April 18, 2016, 7:25pm

The triumphant Real Dream Team, winners of Heroes of the Dorm. Photo via heroesofthedorm.com

April 10, 2016. In a small conference room quartered off from the bright purple lights of Seattle's KeyArena, the five members of Arizona State's Real Dream Team prepare for war. Austin "Shot" Lansert, Parpham "Pham" Emami, Michael Udall, Stefan "akaface" Anderson, and Isaiah "Snickers" Rubin are students, but tonight they'll be the faces of eSports for an unprepared world.

Heroes of the Dorm is—well, was, for 2016—without a doubt, the most public demonstration of eSports in the history of the industry. It's a collegiate, bracketed tournament for amateur Heroes of the Storm players, with the final four broadcasted live on ESPN. In a few short days, these boys will sweep the finals and be biting into custom gold medals for a national audience. But right now, you can feel the nerves. Competitive gaming has long lived on Twitch and YouTube, far from the eyes of any doubting, judging Colin Cowherd types, but the landscape is changing quickly. The winners of Dorm get the remainder of their college tuition paid off by HotS makers Blizzard, but they will also be left with a lot of lingering ambiguity about the future.


"It's super time-consuming, and right now, there's not a lot of money to make in the Heroes of the Storm scene," says Pham, perhaps the most talkative player on ASU's team. "It's a really hardcore dream. I'm gonna ride this until it hopefully picks up."

Pham is staring down the question of either focusing all of his energy on his burgeoning HotS career or resigning to more traditional employment. This is a very 21st century predicament. Being profoundly talented at a certain video game was cute, but it was never a marketable skill. At best you might earn a spot on Starcade. But in 2016, "eSports" might be the most popular term in boardroom meetings across the world. League of Legends is scoring huge sponsorship deals, player contracts are reportedly reaching seven figures, and a game like HotS—which has only been officially out for a year—is available on the same channels your parents watch. We're in a rare moment where a passion for gaming can be an entrepreneurial endeavor. It's not an easy path, but it's there.

"For me, it's the current goal," says Michael Udall, one of ASU's centerpieces and the only player who operates without a gamertag. "I don't necessarily want to do it my whole life, but eSports is what I'm really passionate about right now. I was very athletic growing up.
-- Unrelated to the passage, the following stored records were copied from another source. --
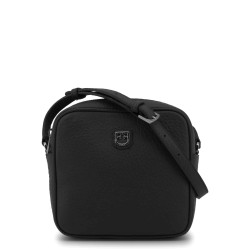 Black Crossbody Bags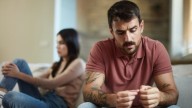 I know why birth rates are down: an epidemic of selfish men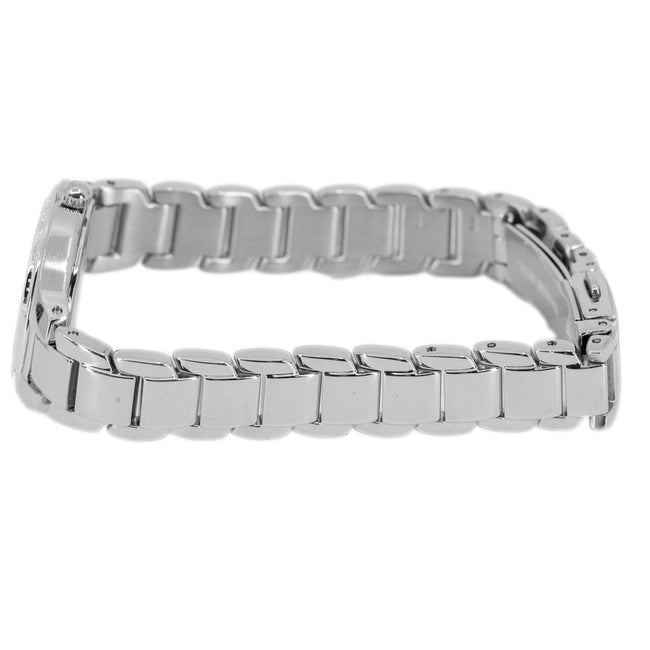 Bulova Women's 96L215 Classic Lady 28mm Quartz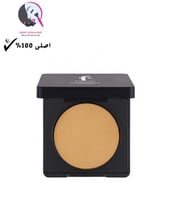 فلورمار بودرة مضغوطة رقم 102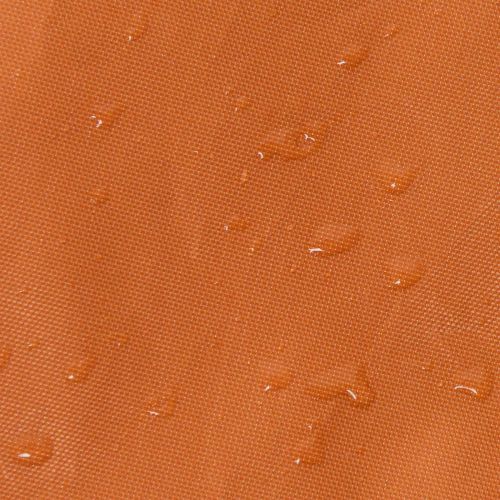 Поп-ъп парти палатка Оранжево 195 x 195 x 245 см
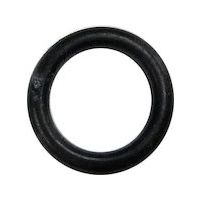 JTC ボルト用Oリング(1個) JTC4465-2P 1個 507-6763（直送品）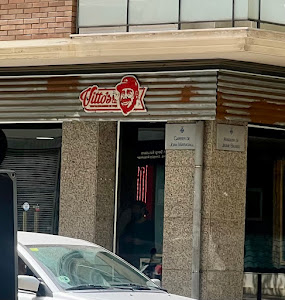 Restaurant Vitto’s & Co — fotografia 5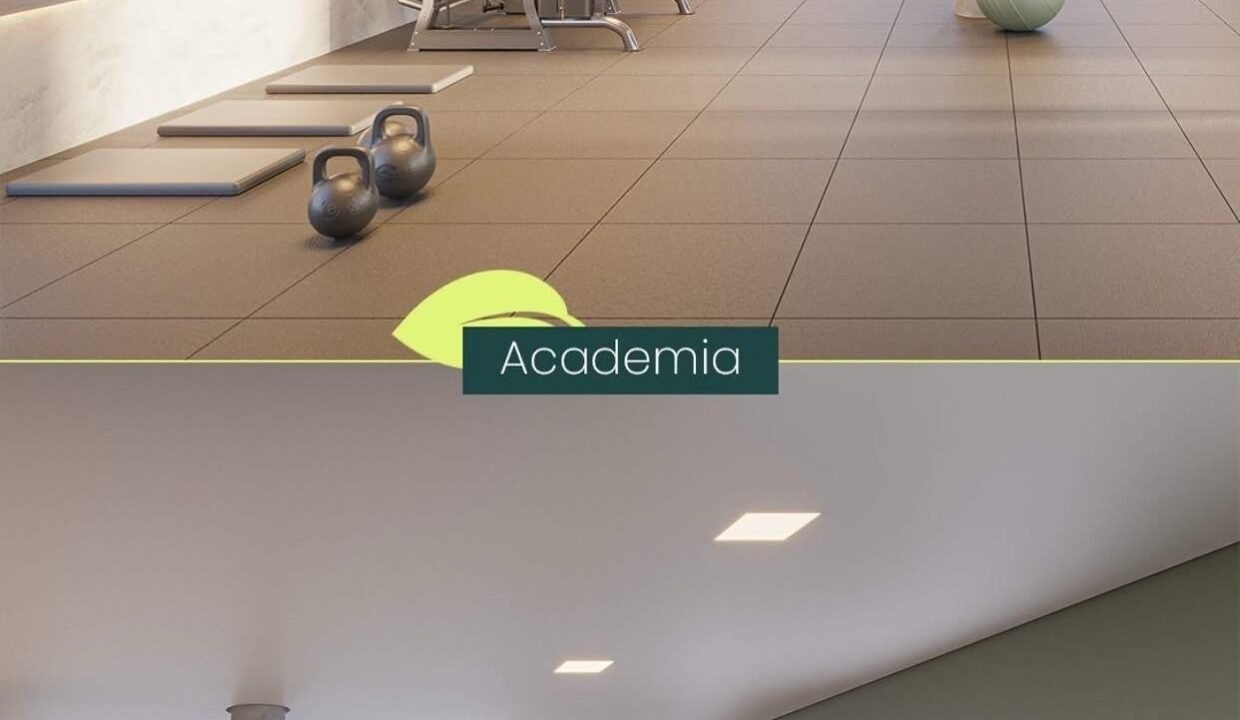 5f41c0e7-915b-482d-a4f0-6753d22f59ff (1)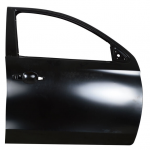 Puerta Delantera Derecha Mitsubishi L200 2016 - 2023 Alternativo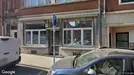 Apartment for rent, Nijvel, Waals-Brabant, &lt;span class=&quot;blurred street&quot; onclick=&quot;ProcessAdRequest(14135527)&quot;&gt;&lt;span class=&quot;hint&quot;&gt;See streetname&lt;/span&gt;[xxxxxxxxxxxxx]&lt;/span&gt;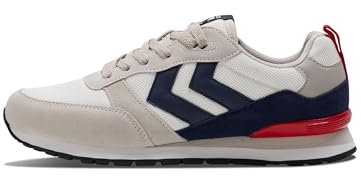 hummel Shoe Monaco 86 Erwachsene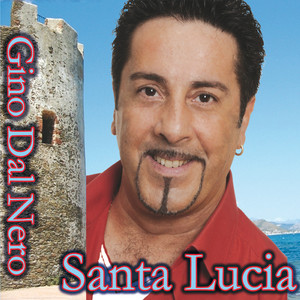 Santa Lucia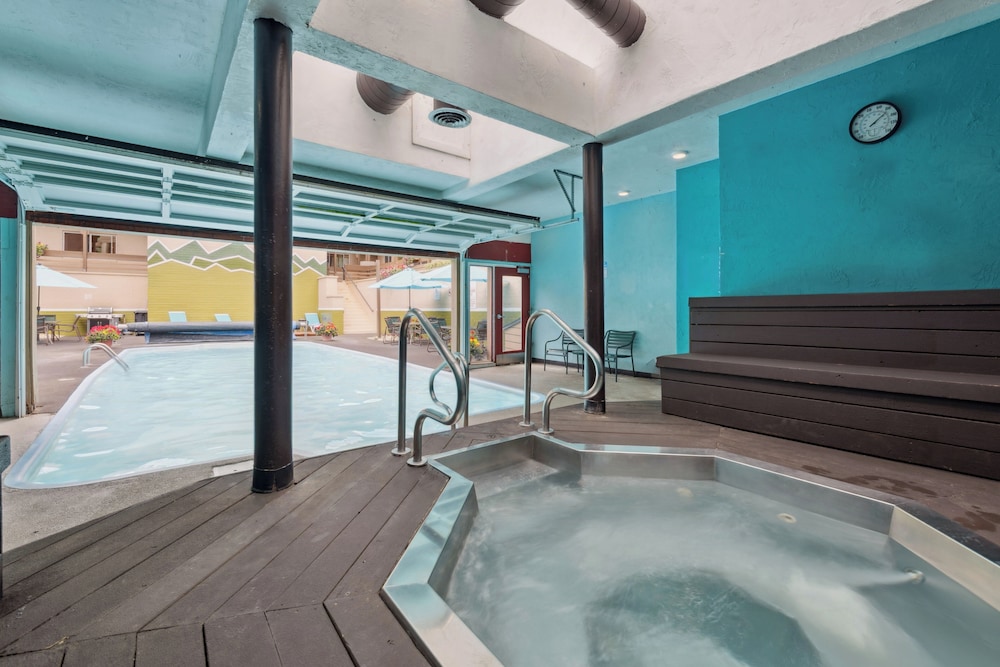 Eagle Point Resort 22/50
I did a lot of football and basketball, and my freshman year at Heroes of the Dorm last year I found myself on a massive ESPN stage playing video games. It catapulted my professional career."


There are a select handful of men and women who get to call themselves full-time professional gamers. And like anything competitive, eSports requires some transcendent talent and a lot of dedication. But unlike football or basketball, the average age of players burning out tends to be very young. It's hard to find someone on a high-level LoL, DOTA, or HotS team above the age of 24. That's partly because of the emotional and physical demands, but there's also a real lack of infrastructure in the eSports industry.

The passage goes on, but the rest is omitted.